Task objective: Please make an exact copy of the lines from the one holding "cat-typing-4" through the end of the data, both ends included, with no pictures.

Data for review below:

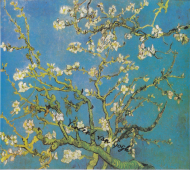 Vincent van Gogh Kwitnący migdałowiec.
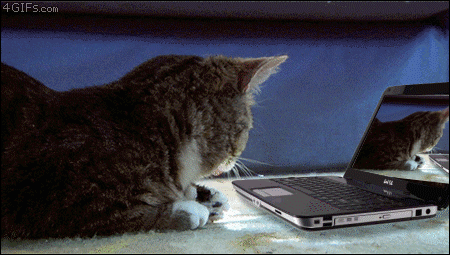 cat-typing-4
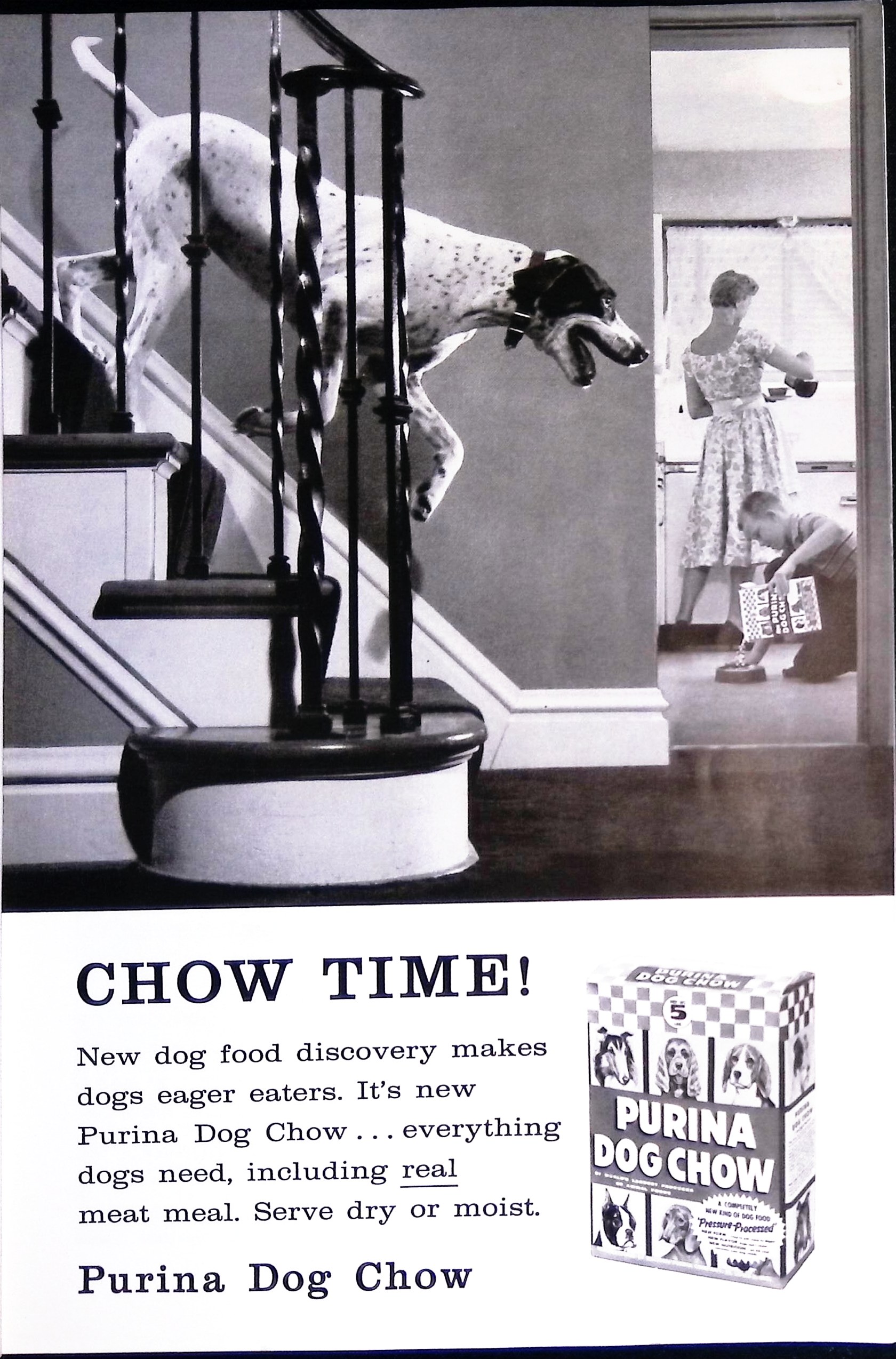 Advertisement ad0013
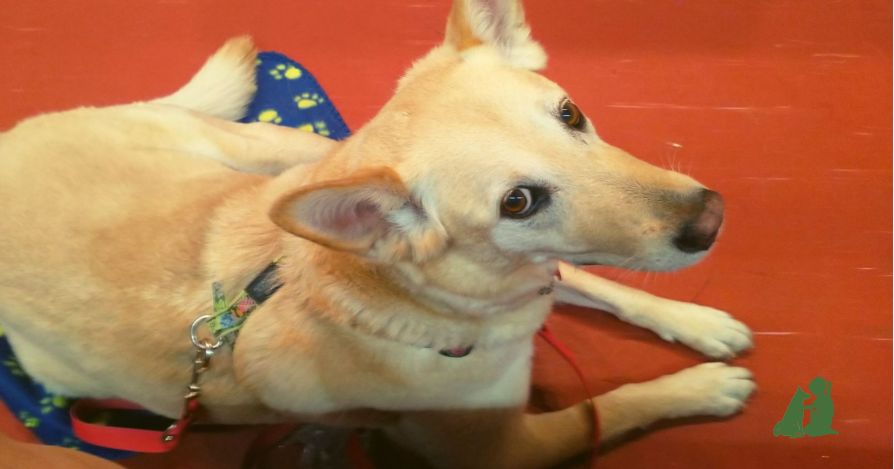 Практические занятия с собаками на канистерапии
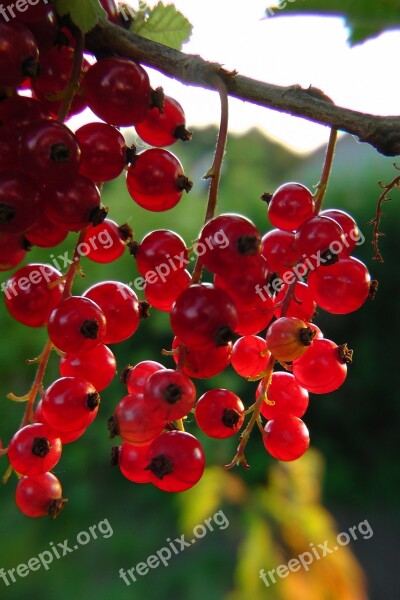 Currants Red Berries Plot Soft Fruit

End of Data for review.

Your solution:
 cat-typing-4
 Advertisement ad0013
 Практические занятия с собаками на канистерапии
 Currants Red Berries Plot Soft Fruit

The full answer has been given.